Cycling on the road in Singapore
could feel like a risk too far, but luckily, it is completely unnecessary. Singapore’s National Parks board has worked hard to create and maintain paths at various difficulty levels. Enjoy a casual bike ride or serious cycle, but make sure to carry enough water and supplies for the duration of the trip as there often aren’t too many shops along the way.
Sometimes referred to as ‘bike island’ due to its nearly nonexistent vehicle traffic, Pulau Ubin is a spectacular place to go cycling and a refreshing escape from the city. Grab the ferry from Changi Point Ferry Terminal and head left into the ‘town’ to rent a bike. From there, start exploring the island.

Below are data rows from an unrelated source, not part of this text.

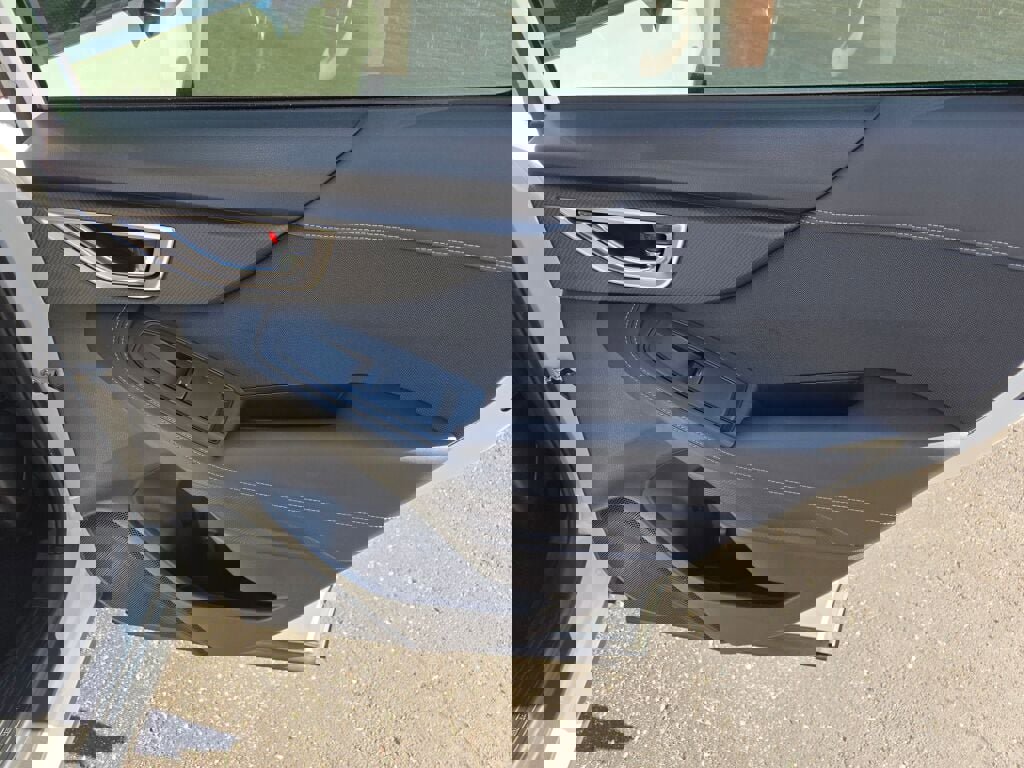 2023 SUBARU FORESTER - Image 8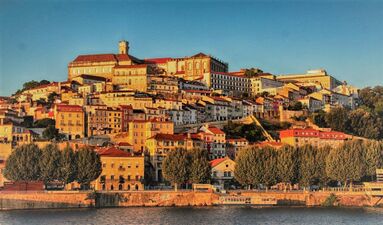 Skyline of Aréncia.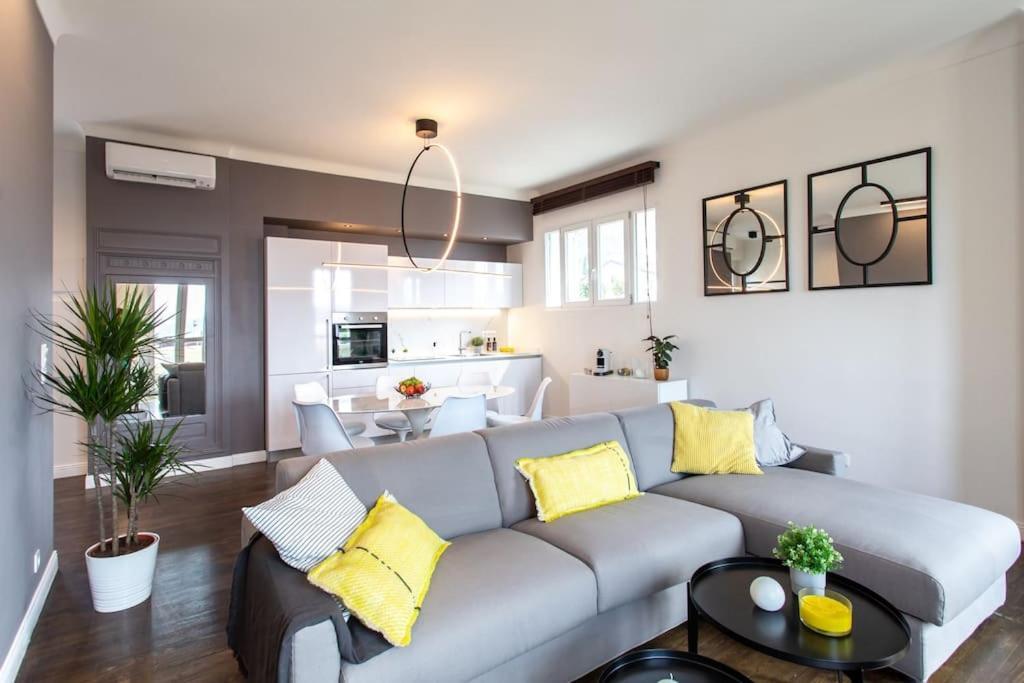 #24 Marie-Claire Suite Sea View/Balcony/Ac/5Min Port Villefranche-sur-Mer Exterior photo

For avid mountain bikers, continue past the town and follow the directions to the German Girl Shrine to get into the mountain bike park. For nature lovers, after you’ve picked up your rental, turn back towards the pier and follow the signs to the Chek Jawa Wetlands. Note that there are only a handful of shops on the island so it’s best to stock up on water while you’re renting your bike.
East Coast Park
East Coast Park, Singapore | © Filipe.Lopes/Shutterstock
East Coast Park
East Coast Park stretches along 15 kilometres of the Singapore coastline. This is the place to head for a leisurely afternoon bike ride, paired with some people watching. It sometimes feels like the entire population of Singapore is down here on a Sunday, so it’s definitely not the place for riders hoping to get up some speed. Try riding your bicycle down the Bedok Jetty and see if the amateur fisherman have been successful with the day’s catch. With many eateries and shops located along East Coast Park, this makes for an easy afternoon out that doesn’t require a lot of advance planning.
East Coast Park
Kallang Basin and Marina Bay
Starting near Nicoll Highway, follow Kallang Basin towards the Marina Bay Sands Complex. After you pass the Singapore Flyer, keep left and cycle along the Marina Bay Boardwalk past the Art Science Museum and Shoppes by the Bay. Turn right at the end of the boardwalk and keep following the perimeter of the bay. There’s a path that runs between the bay and The Customs House. From there, keep going towards The Fullerton Hotel and then you’ll reach the Merlion Park on the other side. If you’re so inclined, complete the circle by crossing the Jubilee Bridge, passing in front of the Esplanade Theatres and The Float@Marina Bay and ending with crossing the Helix Bridge. This is a fairly short route, but there are many great photo spots, such as the observatory pods on the Helix Bridge and the skyline of the Central Business District from across the water.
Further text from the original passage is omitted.